[[ SUPPLIED RECORDS open ]]

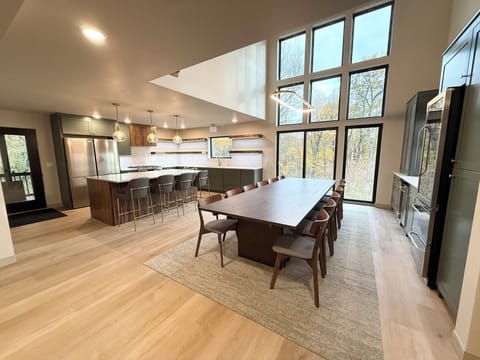 Kitchen, dining, and wet bar area, table can expand for up to 20 guests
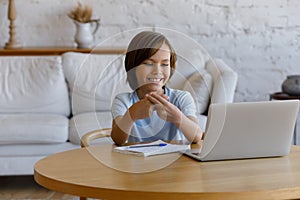 Boy looking at laptop showing sign language communicates with tutor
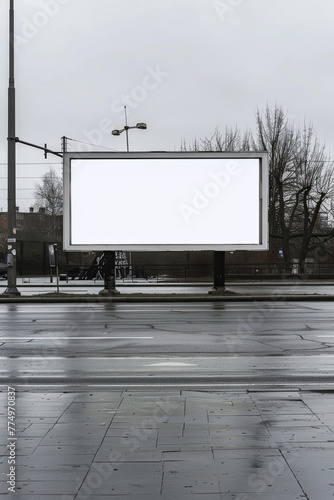 A blank billboard besides a road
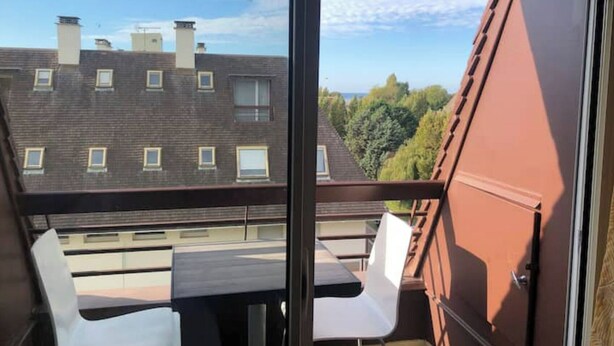 Een balkon met een tafel en stoelen, met uitzicht op een woongebied met meerdere gebouwen en bomen.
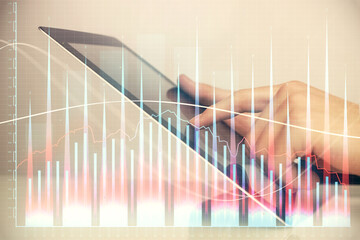 Poster - Multi exposure of man's hands holding and using a digital phone and forex graph drawing. Financial market concept.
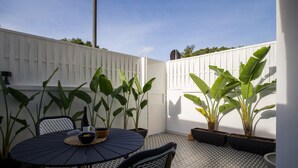 A patio area with a round table, chairs, potted plants, and a white fence. - Townhouse in Las Palmas Near Playa Alcaravaneras (Las Palmas de Gran Canaria)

[[ SUPPLIED RECORDS closed ]]

[PROBLEM] Leaving the pictures aside, give back all the records exactly as they are.

[OUTPUT OF THE EXERCISE]
 Kitchen, dining, and wet bar area, table can expand for up to 20 guests
 Boy looking at laptop showing sign language communicates with tutor
 A blank billboard besides a road
 Een balkon met een tafel en stoelen, met uitzicht op een woongebied met meerdere gebouwen en bomen.
 Poster - Multi exposure of man's hands holding and using a digital phone and forex graph drawing. Financial market concept.
 A patio area with a round table, chairs, potted plants, and a white fence. - Townhouse in Las Palmas Near Playa Alcaravaneras (Las Palmas de Gran Canaria)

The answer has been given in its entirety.